-- WORK ORDER --
Repeat every entry exactly. Do not include the pictures.

-- PROVIDED MATERIAL --
***

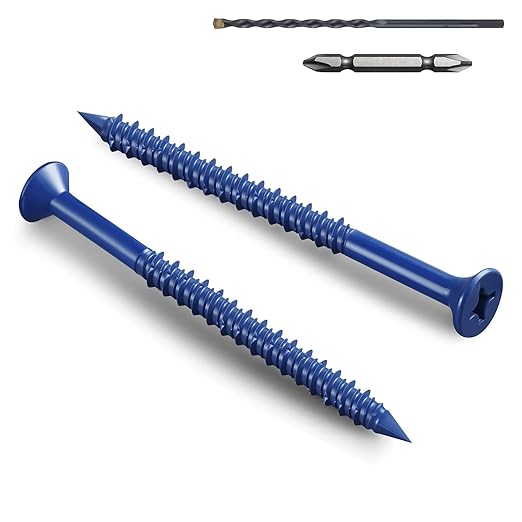 100Pcs 3/16 x 3-3/4 Inch Concrete Screws Anchor with Drill Bit, Blue Flat Head Masonry Brick Stucco Cement Block Screws, Diamond Point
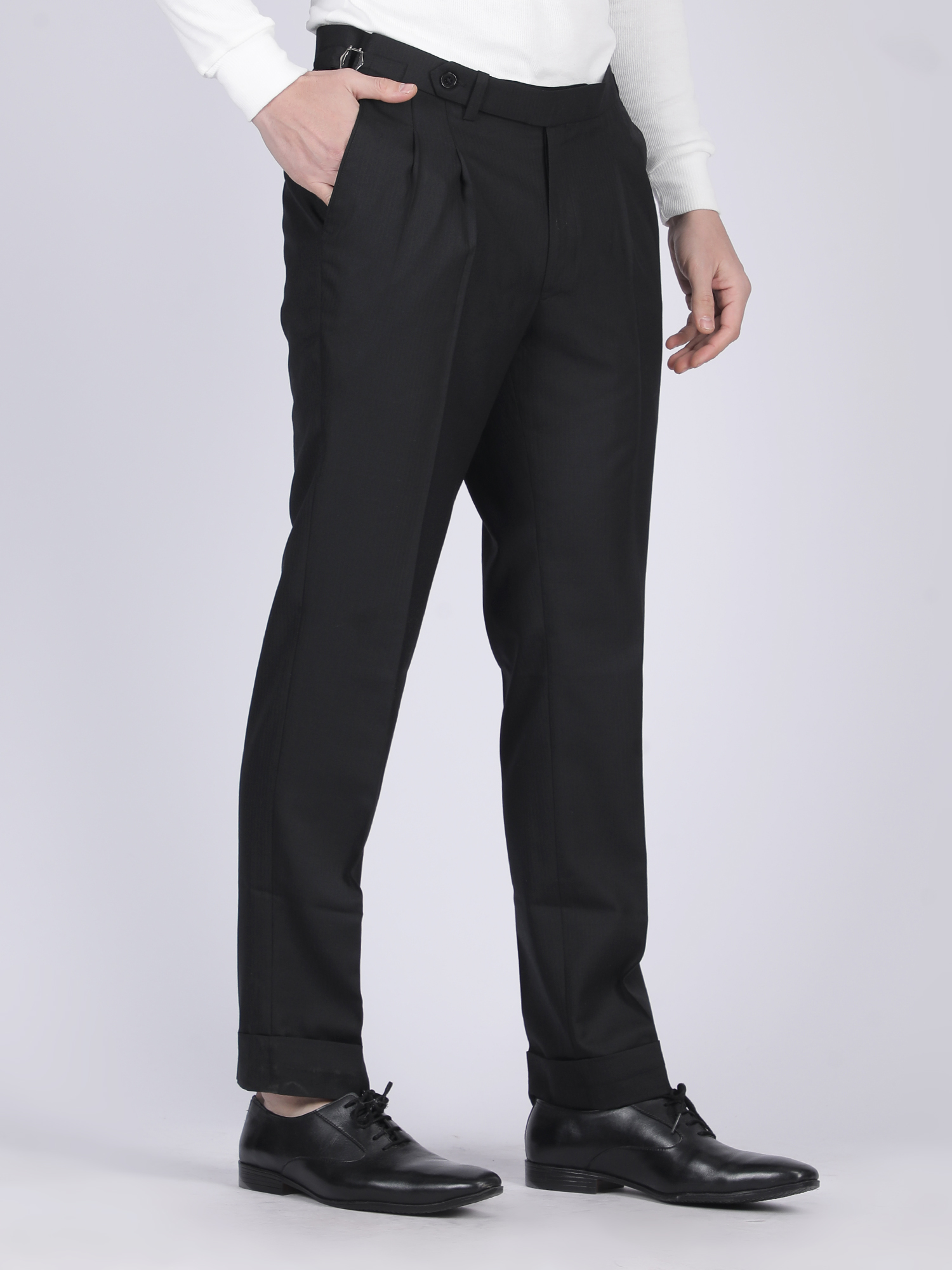 Light Grey Formal Flat-Front Trousers for Men - Image 3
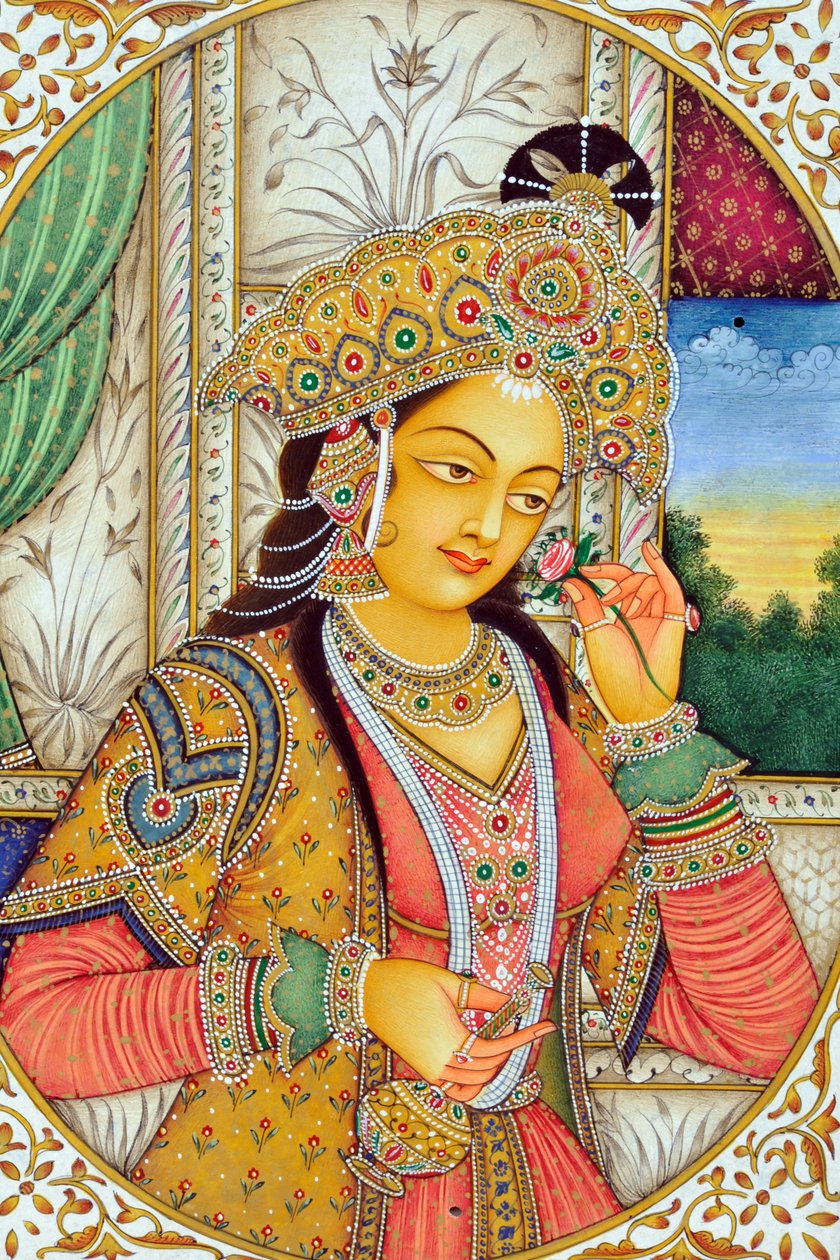 Miniaturmalerei der Mughul-Königin Mumtaj, Indien von School Indian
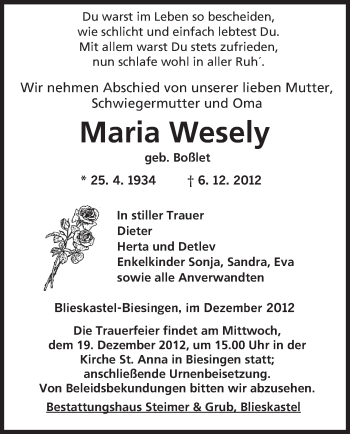 Todesanzeige von Maria Wesely von saarbruecker_zeitung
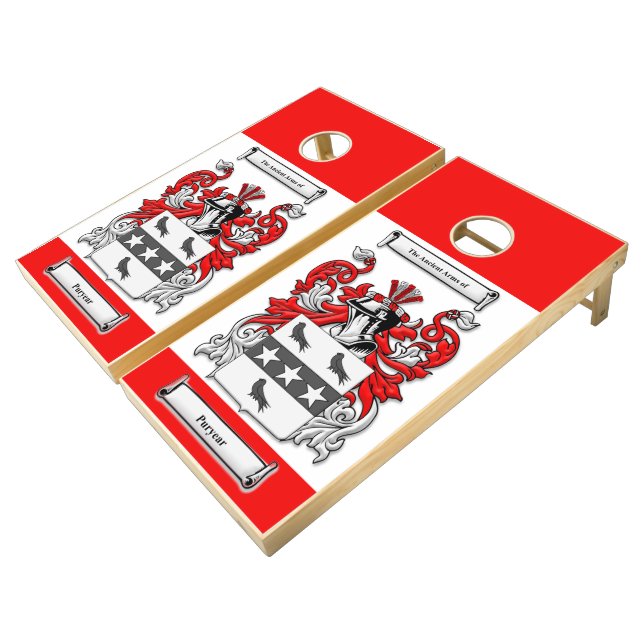 Make your own Custom Family Crest Cornhole Set (Angled)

***

-- TASK SOLUTION --
 100Pcs 3/16 x 3-3/4 Inch Concrete Screws Anchor with Drill Bit, Blue Flat Head Masonry Brick Stucco Cement Block Screws, Diamond Point
 Light Grey Formal Flat-Front Trousers for Men - Image 3
 Miniaturmalerei der Mughul-Königin Mumtaj, Indien von School Indian
 Todesanzeige von Maria Wesely von saarbruecker_zeitung
 Make your own Custom Family Crest Cornhole Set (Angled)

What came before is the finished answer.